Getting to know the ins and outs of ostinatos.
National Standards: 7-9, 11
Prepare: Have the class read Play It Again (and Again) (page 24 of the student edition). The article explains the technique of ostinato and provides examples of its use in a variety of genres.
Listen to a playlist of audio samples illustrating the examples from the article:
Click here to download the files for audio playback on the Notion app.
Key points in the article:
- Ostinato is an Italian word meaning stubborn and resistant to change. This applies to the technique by the same name, which features a repeating melodic pattern.
- Ostinatos can be heard in all genres of music, including classical, jazz, funk, and disco. Typically, the figure stays the same while the root note of the melody can shift.
- Maurice Ravel’s Boléro features an example of ostinato in classical music, with a pattern that repeats through the entire composition. Dizzy Gillespie’s “A Night in Tunisia” features a two-bar ostinato in the bass part.
- Popular examples of ostinato include Stevie Wonder’s “Superstition” and Donna Summer’s “I Feel Love.”

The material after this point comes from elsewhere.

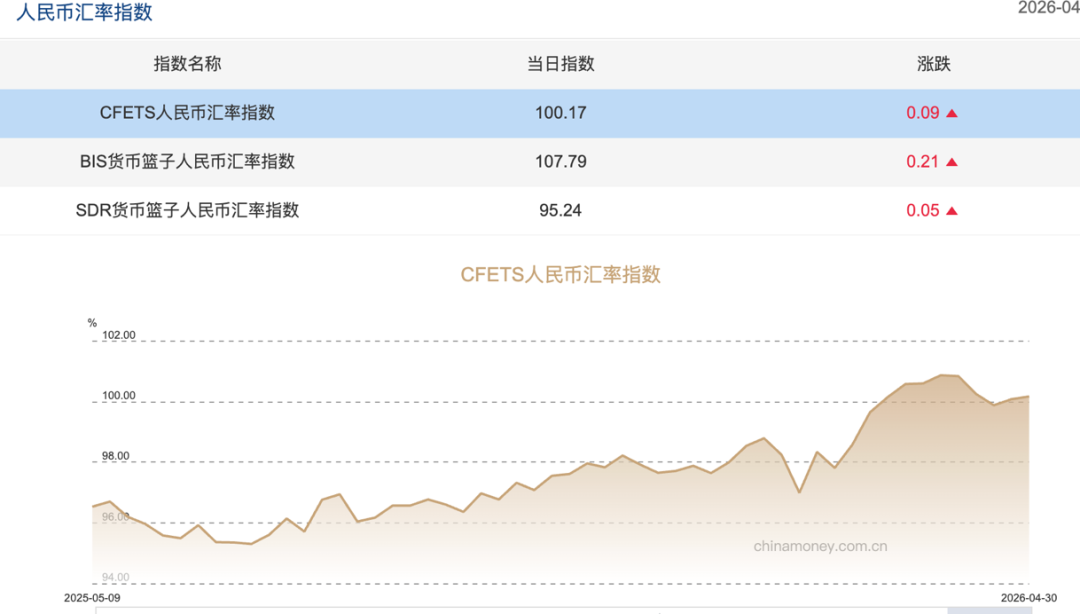 CFETS等人民币对一篮子货币汇率指数已波动上行至2025年初以来的高点附近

Begin: Try some of the techniques with the class, noting the tips described in each example. Lessons might include:
- Playing examples 1 and 2 on the piano for the class.

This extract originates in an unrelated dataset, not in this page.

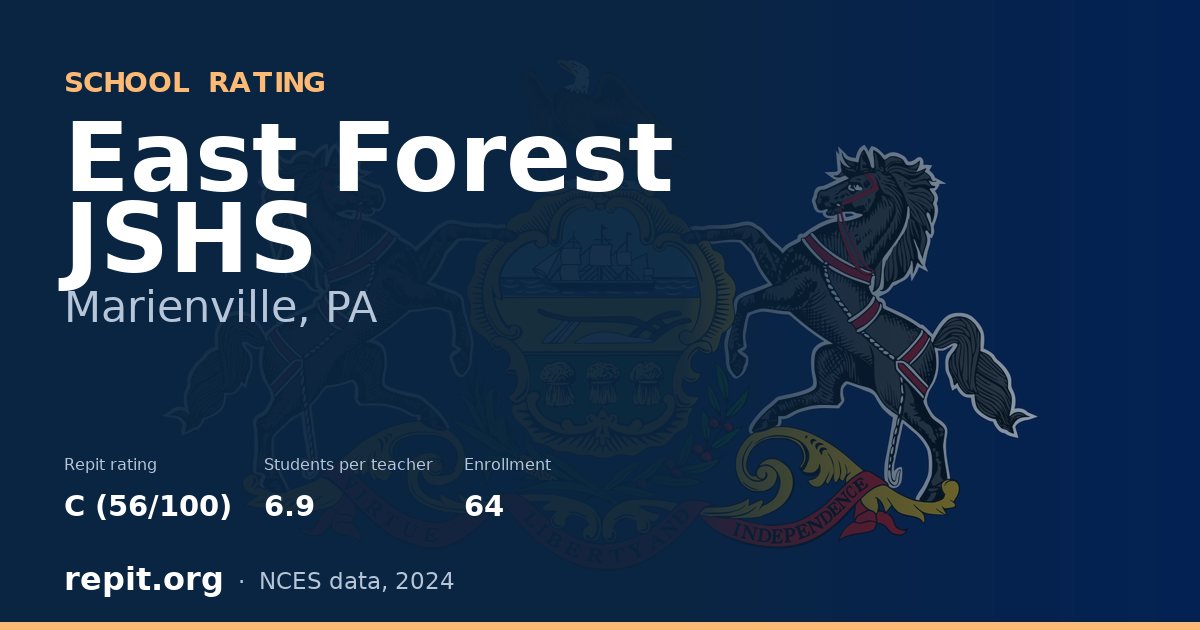 East Forest JSHS, Marienville, PA — Repit school rating C (56/100)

- Assigning the parts from example 3 to different students and having them perform it together.
- Having students practice reading the ostinatos in examples 4, 5, and 6.
Develop: Play the following video of Sly and the Family Stone’s “Thank You (Falettinme Be Mice Elf Agin).”
Can students identify the ostinato in the song? Have them try to identify and sing the repeated line, then play it for them on the piano. Play part of the song again and have them sing along.
Expand: Now play the following video of David Bowie’s “Rebel Rebel.”
Have students identify the ostinato and sing it. Play it for them on the piano, then have the class perform it along with the song.